"Riding the Wave of Change" part 2
Troubled Waters
by Greg Hanson
Sunrise Wesleyan Church
September 20, 2009

Memory Verse:

Psalm 34:18 (NLT)
The LORD is close to the brokenhearted; He rescues those whose spirits are crushed.


AUDIO – Play the theme song to Gillian’s Island

Those poor people… just out for a three hour tour that stretched out into a three year series plus a couple TV movies. Those seven people, just out for a cruise, suddenly finding themselves in the middle of a storm, being tossed back and forth by the waves, just trying to survive.

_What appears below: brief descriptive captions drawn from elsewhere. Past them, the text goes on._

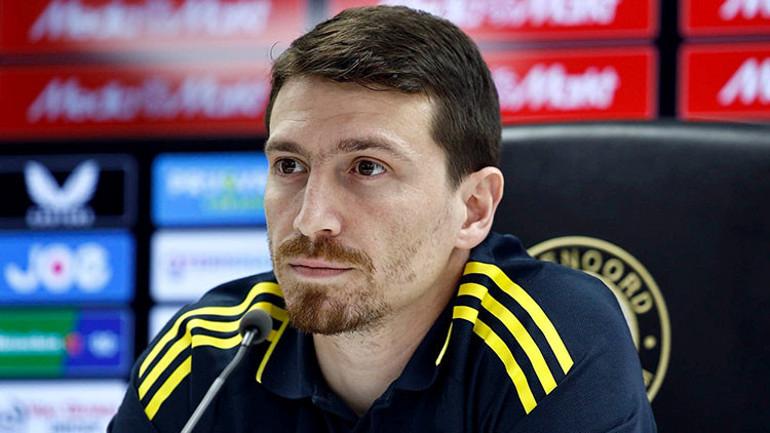 Fenerbahçe ve Medicana'nın Yeni Sağlık Sponsorluk Anlaşması Detayları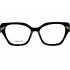 Guess 50112 052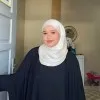Alya Rahman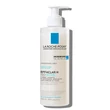 Kép 1/2 - La Roche-Posay Effaclar Iso-Biome Bőrnyugtató Tisztító Krém 390ml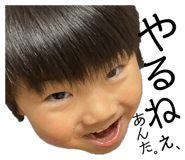 860408203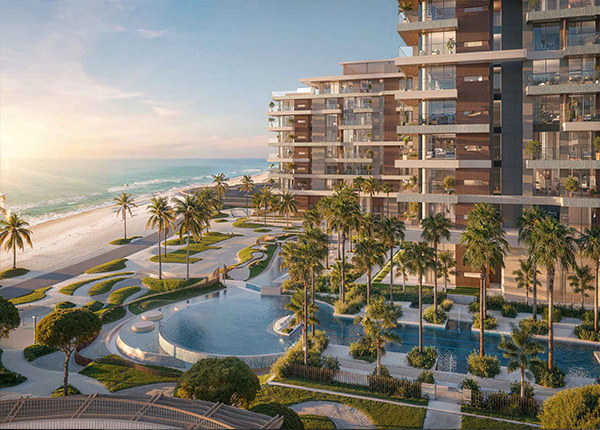 ellington-cove-dubai-600-430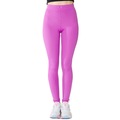 Pantalones RIB STIRRUP TIGHT para mujer - Reebok Sport - Modalova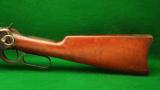 Winchester Model 1894 LA County Sheriff Issued Carbine - 7 of 9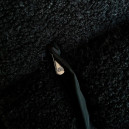 Outerwear Пуховик Унісекс The North Face 1996 Retro Nuptse Jacket Black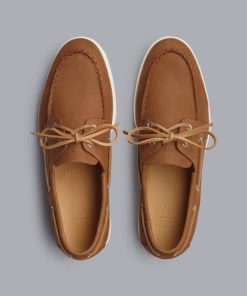 Dynamowear.shop09378f7a0e 2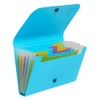 Exacompta - Ref 55499E – 1 Pop'N Co – Recycled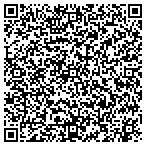 QR code with Crescent Springs Strength contacts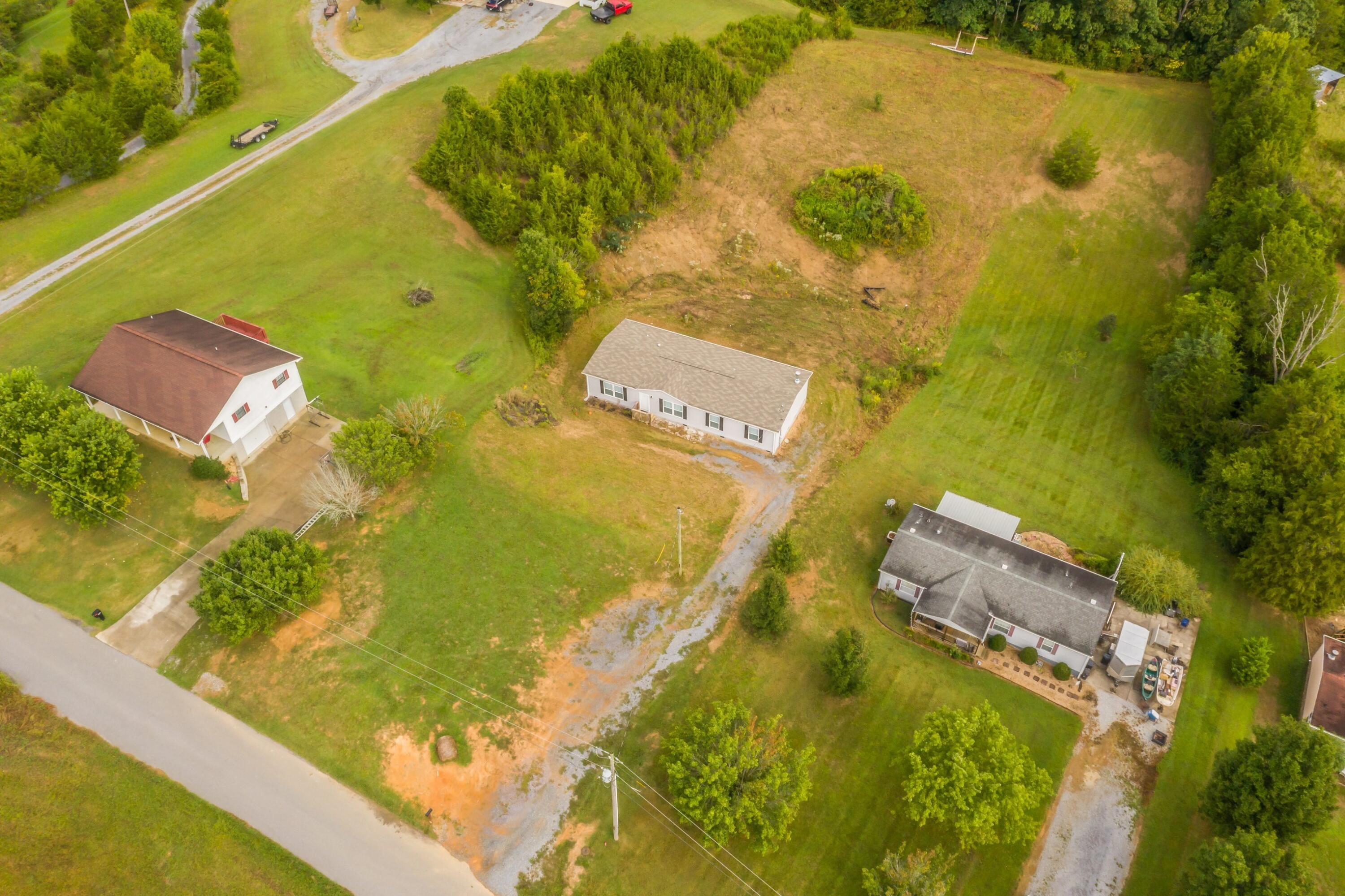 325 Elmer Hayes Road Mosheim, TN 37818 - Photo 20 of 20 Property-9.jpg-SMALL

Have you ever found yourself in a situation like that? Oh, I don’t mean literally… I just mean in life. Have you ever been sailing along peacefully in life, and all of a sudden the storm hits? It unleashes on you in a fury and you don’t know how you can survive?

Well, in life, we all go through our stormy seas. We all encounter troubles waters. And you don’t really have a choice about this. Life has its ups and downs, for all of us.
I would say this is the great equalizer. Because it doesn’t matter how rich you are, how educated you are, how old you are… it doesn’t matter if you’re a man or a woman, if you’re religious or an atheist, a wise and intelligent person or a Montreal Canadiens fan. You’re going to face troubled waters in life.

So what do you do when the storm hits?

Last week here we began a brand new message series called “Riding the Wave of Change.” And we talked specifically about the major life changes we go through… the decisions we make that affect our lives and how we can keep our balance when going through them. And mostly we talked about the planned or expected life changes… like getting married, starting a job, moving to a new location, starting a new school… those things that we usually have some kind of control over but they still throw us for a loop.

Well, today, we’re going to talk about the changes in our lives that we don’t have much if any control over… the things that just happen that aren’t so pleasant… the troubles that come our way. Like losing a job, or encountering health problems, or suffering a major loss in life. What do you do when those kinds of storms hit?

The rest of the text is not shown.